LIFE OF MY FATHER - 10








KINUSO, LESSER SLAVE LAKE

My grandmother was very unhappy in Kinuso. She didn't like her sister-in-law and was unhappy about the growing debt the family owed at the general store. She thought my grandfather was capable of working in an office, but he didn't have confidence in his English which he had learned in Belgium (the family spoke French).

In 1919, when the children were five, six and seven years old, the parents were forced to take work at a lumber mill in Chisholm, northwest of Athabasca. My grandfather worked as a bookkeeper and my grandmother, a cook. Because the mill had no facilities for families, the children were taken to a convent in Grouard. My father never mentioned the convent. My aunt Jacqueline, however, has said it was quite horrific, obviously because of the separation from their parents, but also because of the unkind treatment they received from the nuns.

We don't know how long this period lasted. Finally, my grandmother decided to leave on her own or possibly with the children. She went to Lacombe near Red Deer to work as a maid.
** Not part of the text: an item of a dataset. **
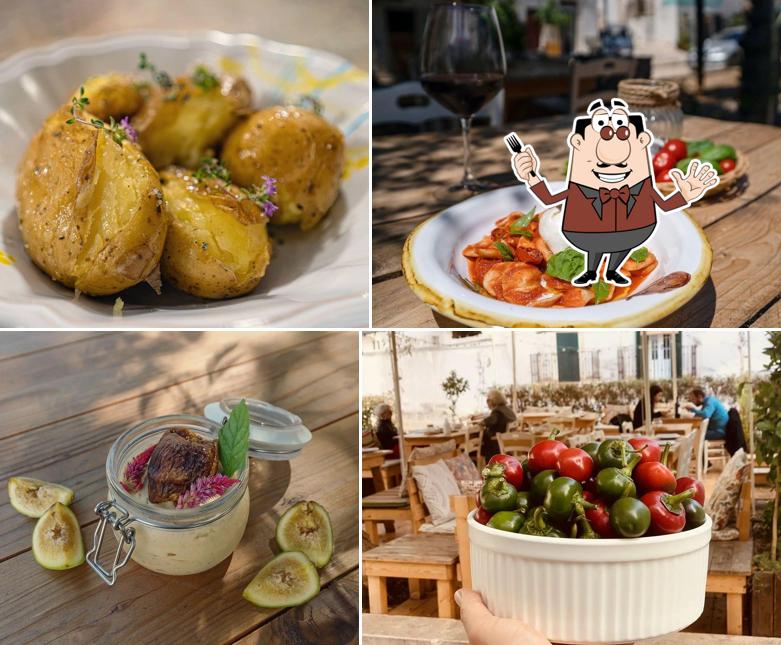 Cibo al Da Franco relax and more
Fortunately, my grandfather went after her and agreed to move to Edmonton where he got a job as a writer for a small French language newspaper called La Survivance. I estimate that the move took place between 1922 and 1925.

In 1914, English was the fourth most common language in Edmonton, after French, Cree and Gaelic. Copies of La Survivance were digitized at the University of Alberta because of their importance as historical documents.

Pictured in the photos are
my father in the front row bottom right with his Grade 8 Class; with friends at Moose Lake, his sister, Jacqueline, on the right; a copy of La Survivance; my father, his brother Albert and their dog.